Bristol Bay, no specific locality

that'll break any geolocate-like-thing, and feeding those are (most of) why specloc exists.

Also

no specific locality specific locality unknown

if we're cleaning anyway.....

mkoo commented 2 months ago

ok that's perfect. Also, that is what I meant by spec_loc cleanup. We havent really started yet! But now that I know what the end product will be, we'll start working on it. I'll send an email wtih the CSV for you soon Thanks!

mkoo commented 2 months ago

@dustymc For Monday: first CSV for HG batch updating (109 rows to load). Let us know if anything needs tweaking format-wise. Kat applied some python to do overhaul but I am still checking every one. I see some dup localities but am ignoring for now and will fix in another pass (probably with the usual Arctos tools). thx! HG batch1_toload.csv

dustymc commented 2 months ago

@mkoo updates from CSV in https://github.com/ArctosDB/arctos/issues/7660#issuecomment-2168968623 complete.

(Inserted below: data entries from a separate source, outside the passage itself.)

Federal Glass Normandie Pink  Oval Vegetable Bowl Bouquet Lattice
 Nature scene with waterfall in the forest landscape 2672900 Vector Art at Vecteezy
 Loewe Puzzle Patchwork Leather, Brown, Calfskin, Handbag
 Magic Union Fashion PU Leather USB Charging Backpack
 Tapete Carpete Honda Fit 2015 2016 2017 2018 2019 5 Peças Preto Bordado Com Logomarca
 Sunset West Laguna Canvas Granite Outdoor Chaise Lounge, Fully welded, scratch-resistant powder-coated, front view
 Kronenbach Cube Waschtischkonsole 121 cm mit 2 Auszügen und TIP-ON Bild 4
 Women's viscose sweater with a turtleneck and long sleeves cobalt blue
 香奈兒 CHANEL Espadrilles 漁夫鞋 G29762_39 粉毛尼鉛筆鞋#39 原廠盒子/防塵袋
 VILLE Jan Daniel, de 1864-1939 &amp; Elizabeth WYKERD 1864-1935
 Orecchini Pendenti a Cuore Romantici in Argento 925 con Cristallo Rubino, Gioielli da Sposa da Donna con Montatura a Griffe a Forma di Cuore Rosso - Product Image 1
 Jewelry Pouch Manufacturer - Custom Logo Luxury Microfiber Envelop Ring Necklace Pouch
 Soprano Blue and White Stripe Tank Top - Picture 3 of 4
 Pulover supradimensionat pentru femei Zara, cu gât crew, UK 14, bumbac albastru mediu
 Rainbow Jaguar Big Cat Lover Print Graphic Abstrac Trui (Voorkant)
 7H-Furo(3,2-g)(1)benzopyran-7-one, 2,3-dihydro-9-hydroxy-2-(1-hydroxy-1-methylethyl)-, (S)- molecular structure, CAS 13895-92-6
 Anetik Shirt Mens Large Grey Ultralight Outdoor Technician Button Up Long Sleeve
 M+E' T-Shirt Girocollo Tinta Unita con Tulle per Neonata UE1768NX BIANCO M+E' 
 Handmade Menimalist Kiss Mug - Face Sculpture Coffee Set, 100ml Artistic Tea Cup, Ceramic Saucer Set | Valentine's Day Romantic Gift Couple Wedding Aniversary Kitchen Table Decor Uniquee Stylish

mkoo commented 1 month ago

OK here's batch #2 and #3 @dustymc HG cleanup batch3.csv HG cleanup- batch2.csv

this is the rest for Bering Sea. We tried to keep to origianl spec_loc as much as possible and make the localities consistent so we can merge dups more easily later if desired. Several localities with complicated info were manually edited to make sure all the components were captured (orig forms in attributes and verbatim were checked and left as is for tracking)

ThX!

dustymc commented 1 month ago

HG cleanup- batch2.csv

I was not able to find a locality ID for these, I removed them from the update:

temp_geo_updt_no_locid.csv

These failed with checkfreetext(new_spec_locality) is false and were also removed:

temp_geo_updt_badnewSL.csv

UPDATE 1834

successfully updated

HG cleanup batch3.csv

I was not able to find a locality ID for these, I removed them from the update:

temp_geo_updt_no_locid(1).csv

These failed with checkfreetext(new_spec_locality) is false and were also removed:

temp_geo_updt_badnewSL(1).csv

UPDATE 1194

successfully updated

mkoo commented 1 month ago

Thanks Dusty, I will go over the rest manually-- a lot are just the same 'no specific locality' business so probably best to review all the geog details anyway. Very close to being done with the bering sea and thanks for fixing 3000+!